For this year, based on the latest developments and data, the BSP estimates the current account deficit will be lower at $4.7 billion versus the previous forecast of $6.1 billion shortfall due to the narrowing merchandise trade gap.

This is as the growth in goods exports is now expected to increase higher by five percent to $58.1 billion compared to three percent in the March 15 forecast. Goods imports, however, has a lower projection this time at two percent to $123.5 billion from the previous four percent growth.

The BSP said services exports are seen to grow by 14 percent this year to $55.1 billion versus an earlier forecast of 16 percent while services imports are expected to reach $33 billion this year or a 13 percent growth compared to 10 percent earlier.
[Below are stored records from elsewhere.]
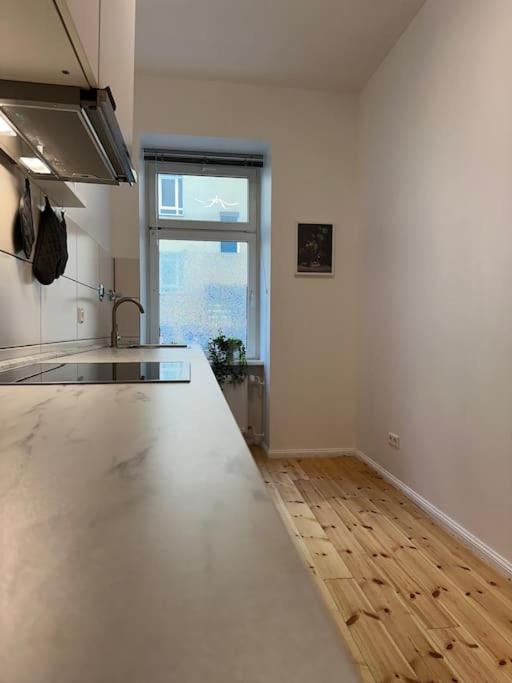 Modernes 2 Zimmer Apartment Berlin Luaran gambar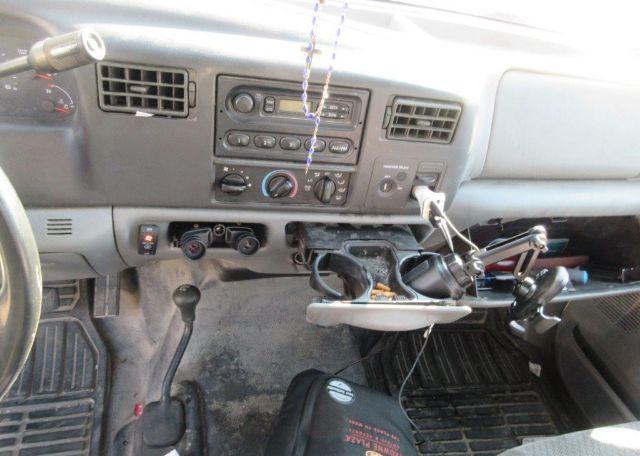 2002 FORD F250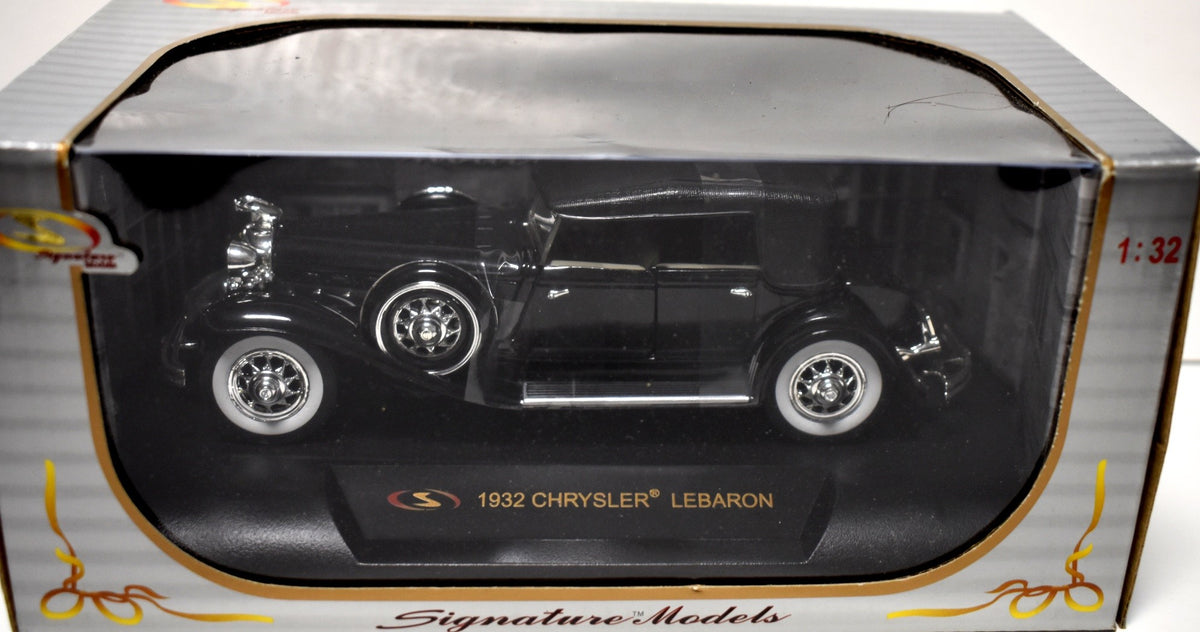 Signature Models - 1932 Chrysler LeBaron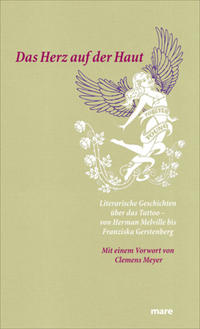Vorderes Coverbild Das Herz auf der Haut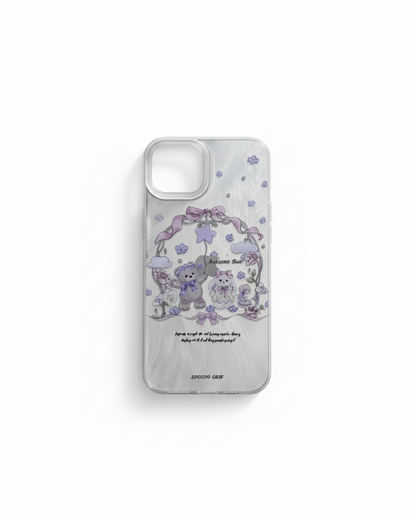 Fairycore Autumn Bear Case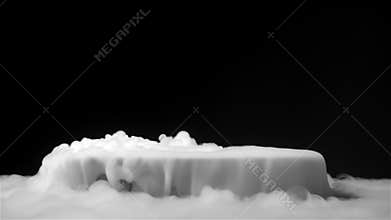 Dry Ice Tray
Butocan said for 2024, the overall BOP position is expected to be better on the back of a lower current account deficit combined with higher non-resident investment inflows.

The BSP projects a lower current account deficit due to the narrowing of the merchandise trade gap as growth in goods imports will moderate because of lower import prices.

The BSP also said that the recently ratified Regional Comprehensive Economic Partnership (RCEP) Agreement which is “seen to support greater market access for goods and services, reduced trade barriers, and improved export competitiveness from simplified and harmonized rules” will provide “an additional boost to the trade sector outlook.”

Under the BOP projections, the growth for travel receipts and business process outsourcing (BPO) revenues are also seen to maintain its pace. For 2024, the BSP expects BPO revenues to grow by seven percent while travel receipts will expand by 40 percent.

The current account will also get its support from remittance inflows from overseas Filipinos which is still expected to grow by three percent annually.

Meanwhile, the BSP estimates net foreign direct investments (FDIs) will reach $9.5 billion this year, up from the previous forecast of $9 billion. For 2025, net FDI is expected to climb to $10.5 billion.

As for the net foreign portfolio investments (FPIs) or hot money funds, the central bank estimates $3.1 billion, higher than the previous projection of $1.3 billion. For next year, the BSP expects net hot money of $2.2 billion.

The BSP said the growth in FDIs and FPIs is “reinforced by the ongoing operationalization of the implementing rules and regulations of key investment reforms aimed at providing a more conducive business environment in the country.”

For this year, the BSP also forecasts a gross international reserves (GIR) of $104 billion. This was higher than the March 15 projection of $103 billion.

For 2025, the GIR is expected to be higher at $105 billion.

According to the BSP, the emerging external outlook for 2024 and 2025 remains “cautiously optimistic” amid a set of risks that has stayed “broadly unchanged” such as: the evolving geopolitical tension in the Middle East which warrants further monitoring as these could ignite fresh set of challenges (higher crude oil prices and weaker sentiment); and aggravate existing ones (monetary policy tightening by central banks).